The Ministry of Utmost Happiness (isn’t that a smashing title?) by Ahrundhati Roy is a beautiful, beautifully crafted novel filled with nuanced characters. Anjum, a “hijra” (a Hindu word meaning hermaphrodite or transgendered) moves to a graveyard and creates a safe world where people who don’t fit easily into society can find a home, and where her desire to be a mother can be made manifest.

But too soon, the novel leaves Anjum in the graveyard and, in doing so, left my connection to that world in tatters. The story moves to Kashmir, where war rages and where I was left struggling to grasp the whole context of what was happening. Instead of drawing me slowly into the difficult arrangements of class, race, caste that exist there, the book dropped into a confusing mire.

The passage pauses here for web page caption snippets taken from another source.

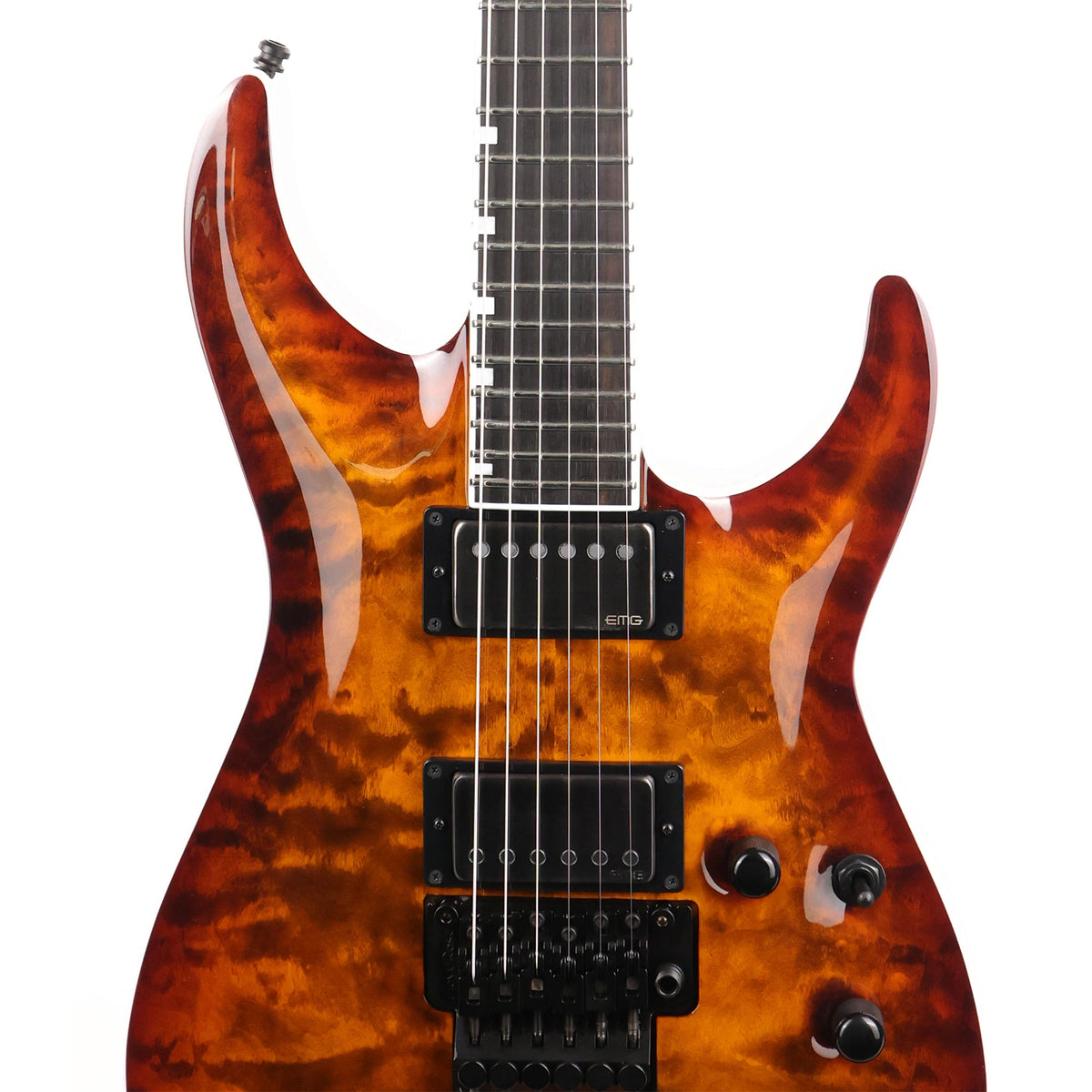 ESP E-II Horizon FR-II See-Thru Tiger Eye Sunburst — 6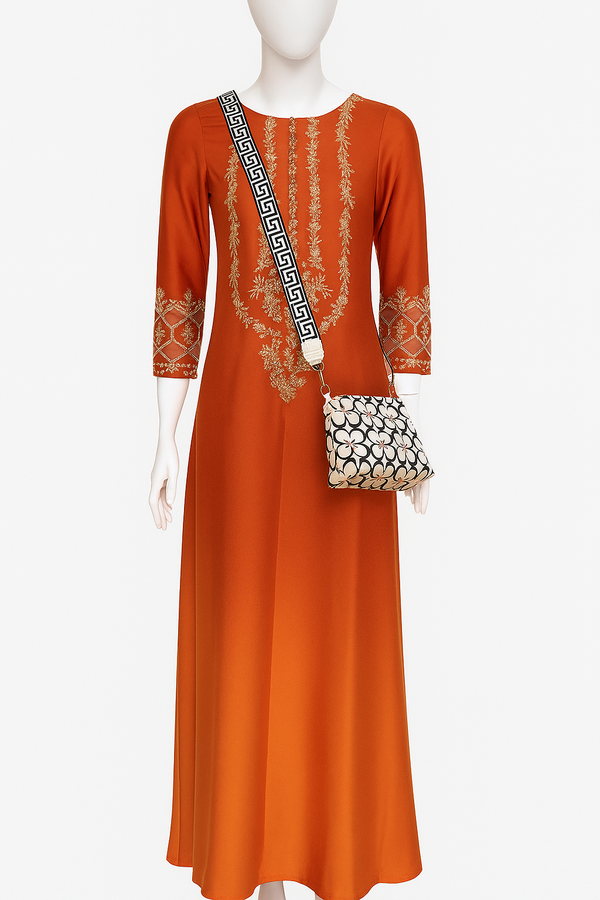 Silk Short with Katdana Work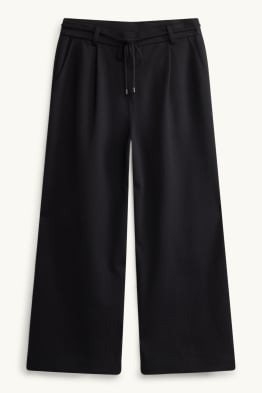Pantaloni di jersey dal taglio corto - vita alta - gamba ampia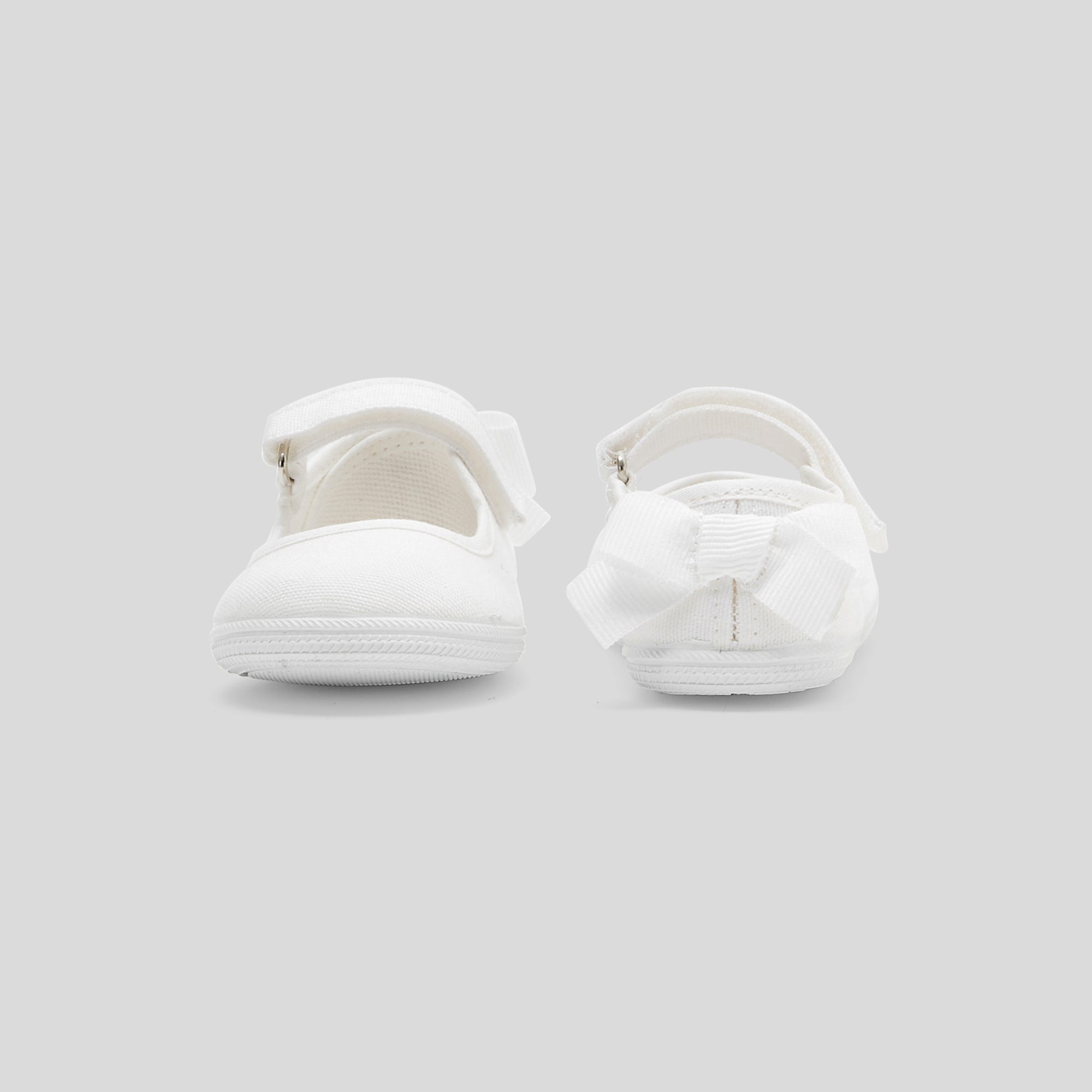 0 QTY / BLANC JACADI CHAUSSURES TOILE BORA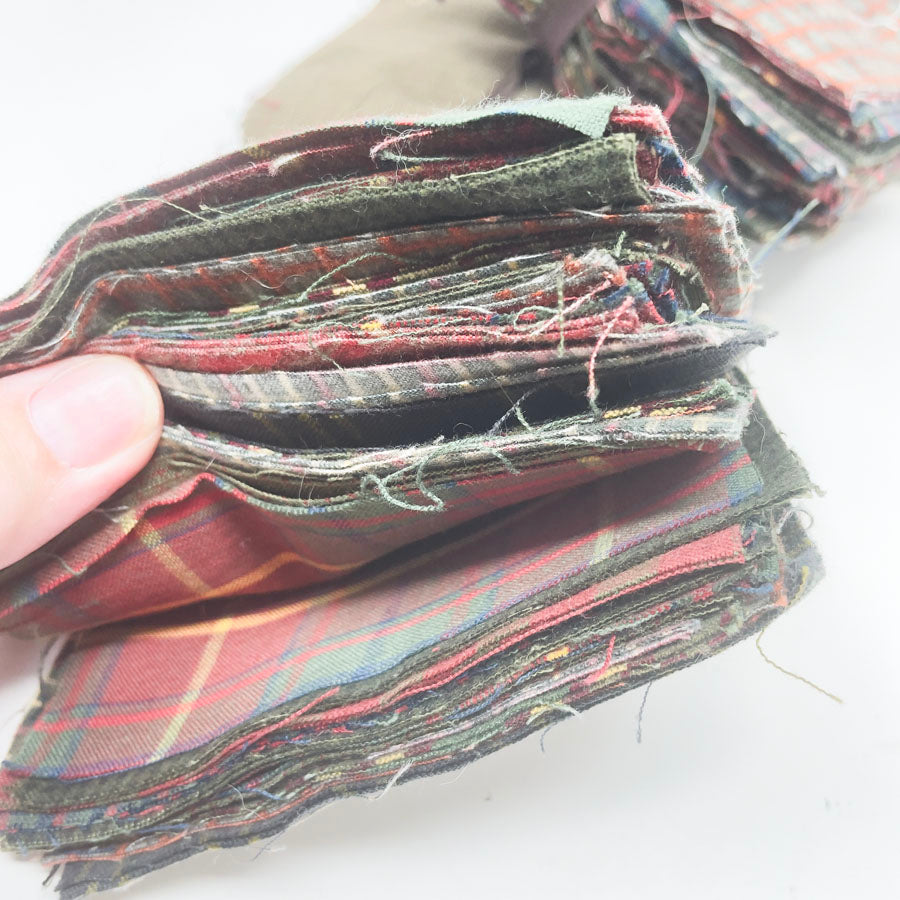 Vintage Holiday Plaid Fabric Bundles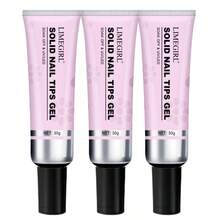 LIMEGIRL 30g Solid Nail Tips Gel, Nail Extension Gel For Full Cover Tips, Clear Nail Tip Adhesive Gel, UV LED Gel For DIY Manicure - Solid Nail Glue - View 12
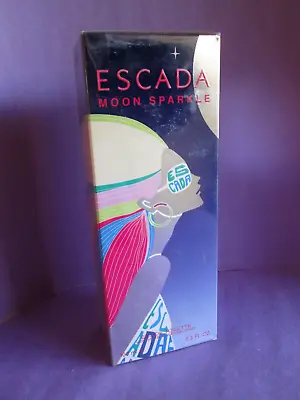 Escada Moon Sparkle Eau De Toilette Spry 3.3oz 100ml 2007 Vintage Scannon Sealed • $325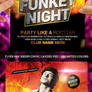 Funky Night Party Flyer Free Psd Template Download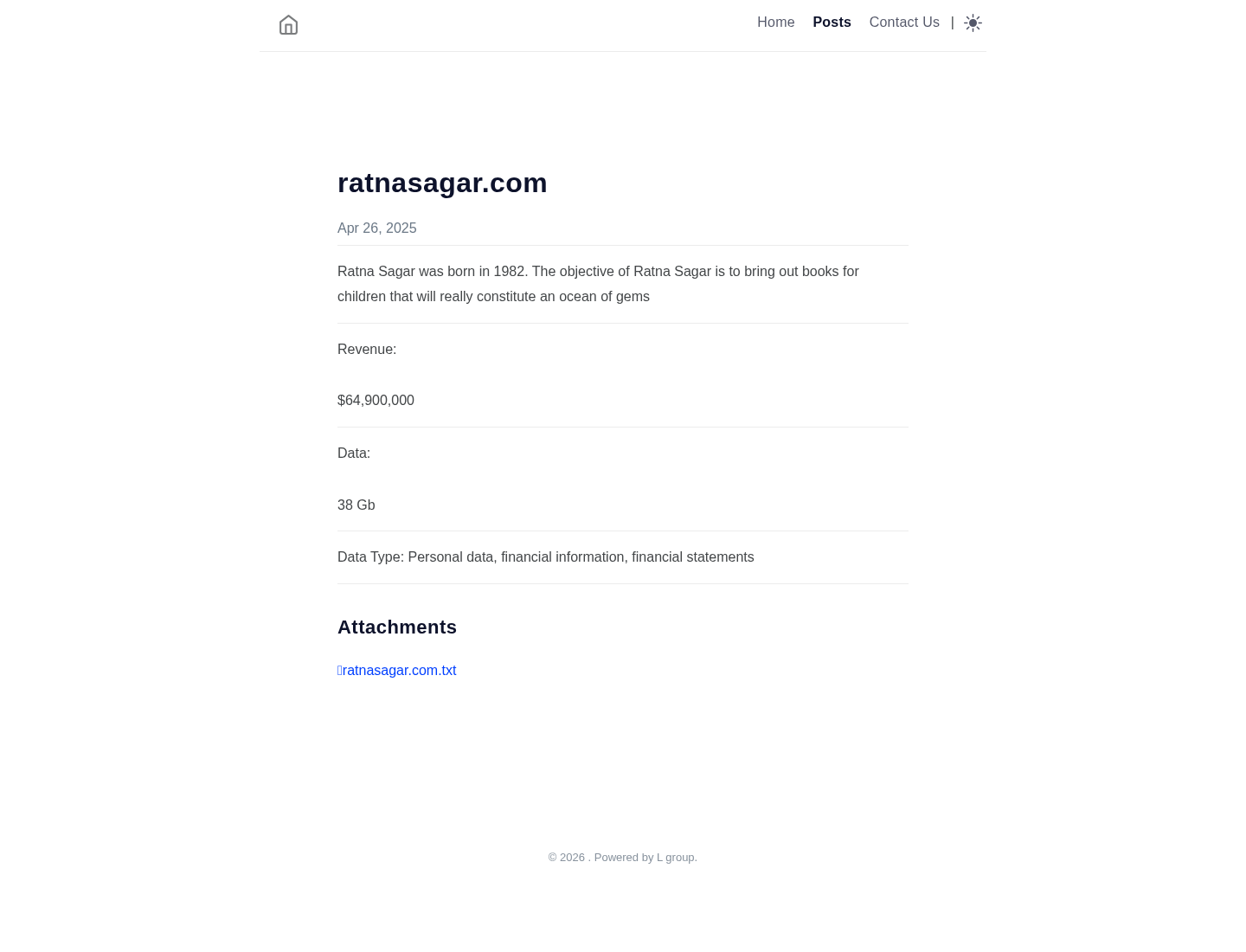 Screenshot der Detailseite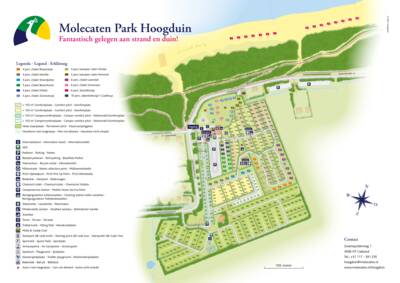 Parkplan / Lageplan Molecaten Hoogduin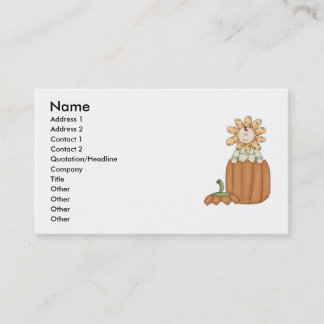 Tarjeta De Visita Niño de Flor de Calabaza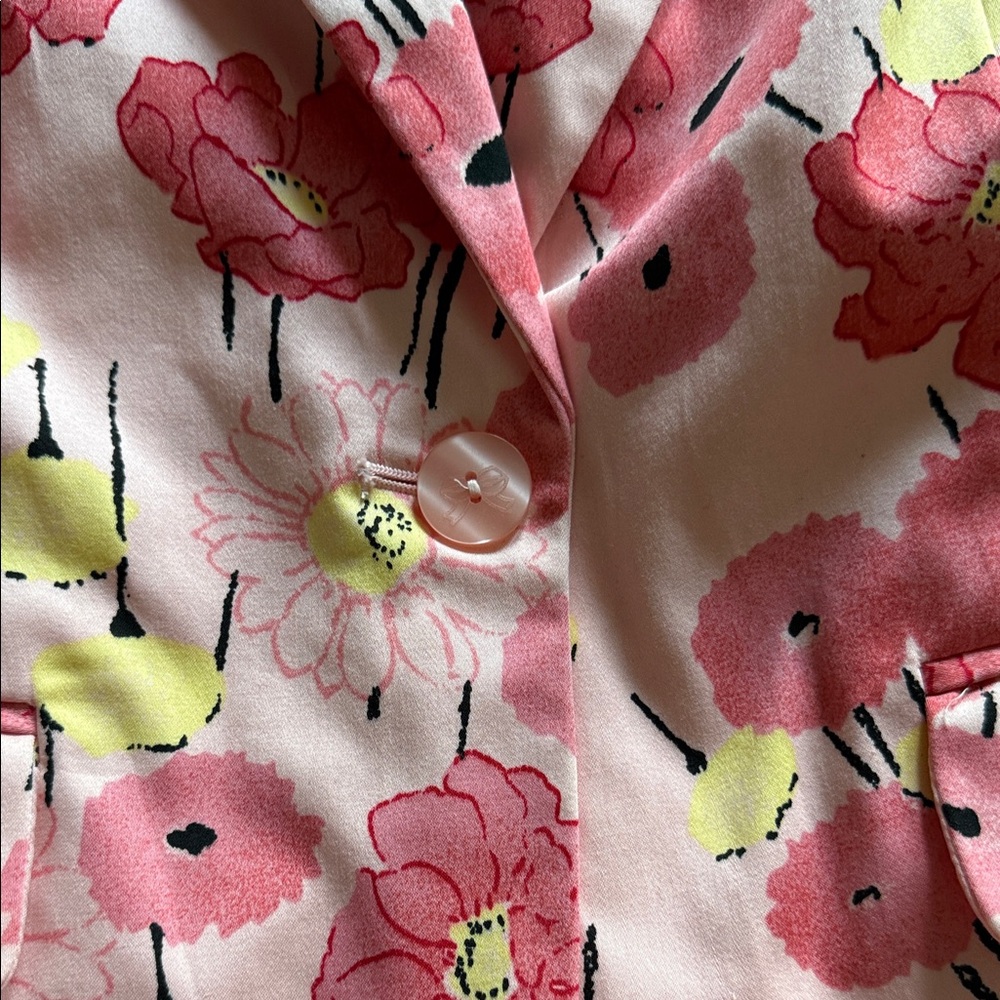 Apostrophe Pink Floral Blazer - Picture 6 of 9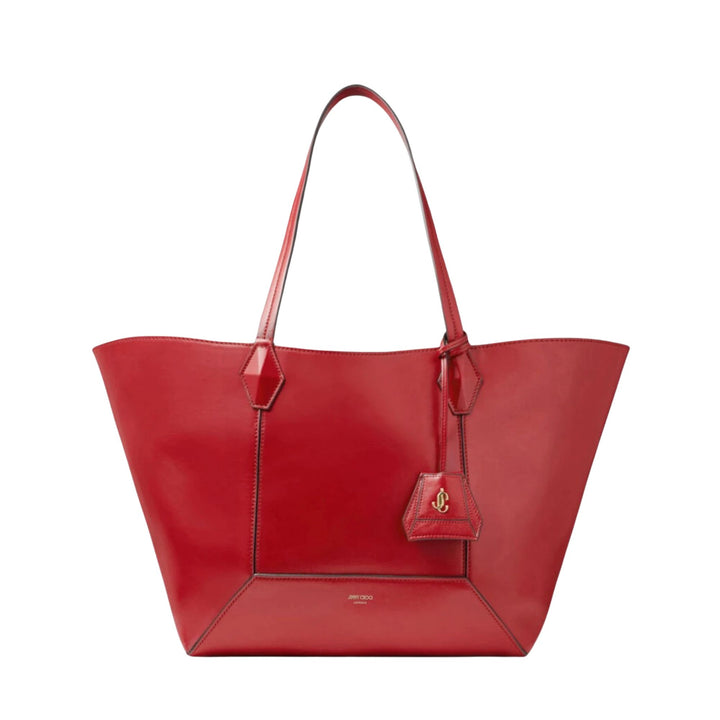 Diamond Shiny Leather Tote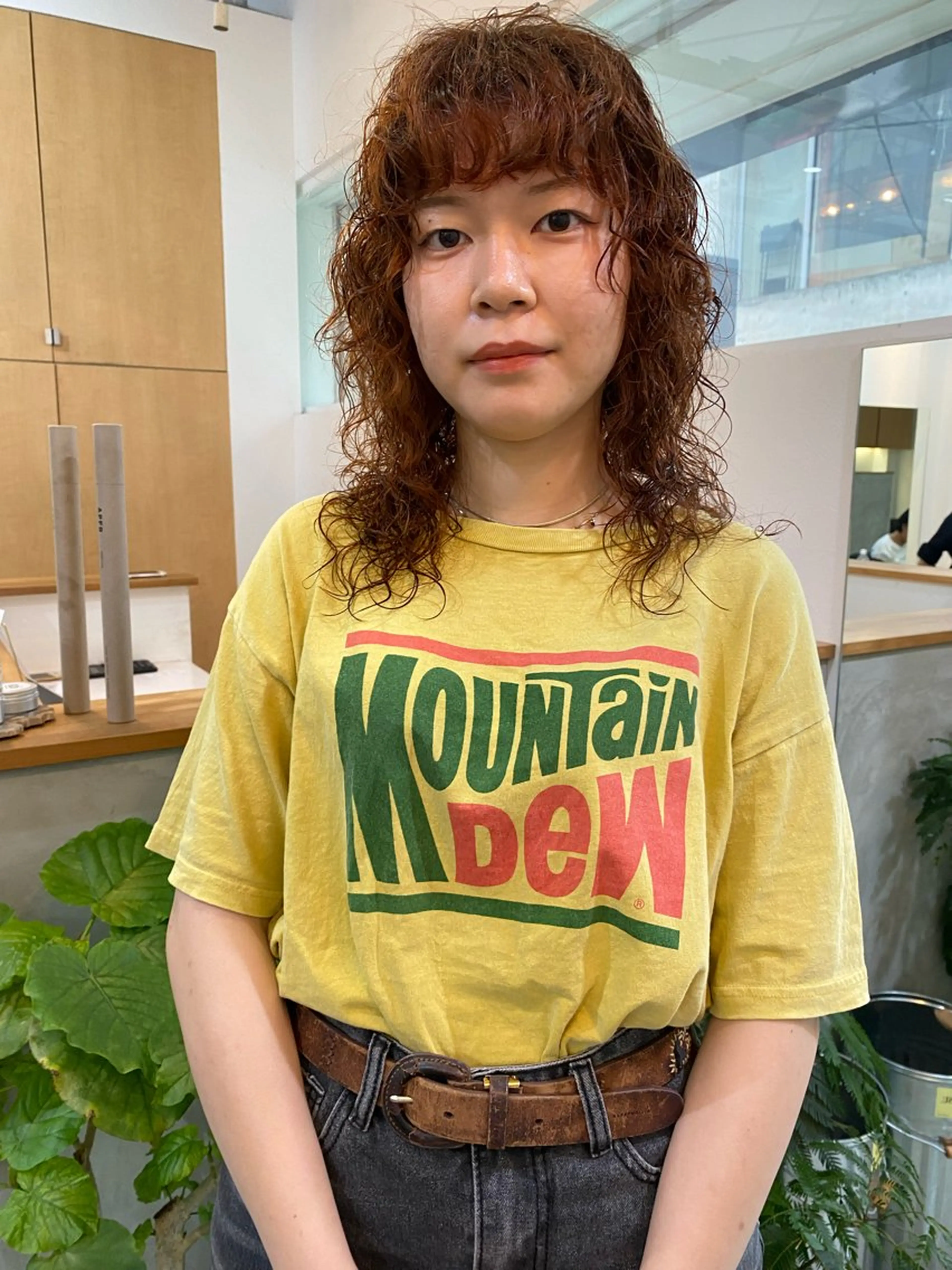 セミロング カラー パーマ セミロングパーマ カット パーマ トリートメント 森貴裕/ベージュ/ パーマ/オリーブのヘアスタイル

My reading of Utmost Happiness was stalled several times on account of the book’s structure. Time and again, the book would leave a character I felt connected to and shift to a more emotionally distant view of the wider political struggles in Kashmir. Compared to the character-focused chapters, these sections were much less appealing and, as a result, hard to return to after putting the book down. It’s not that the novel didn’t pay off emotionally; it’s just with a more consistent flow, I think it could have done so sooner and more satisfyingly.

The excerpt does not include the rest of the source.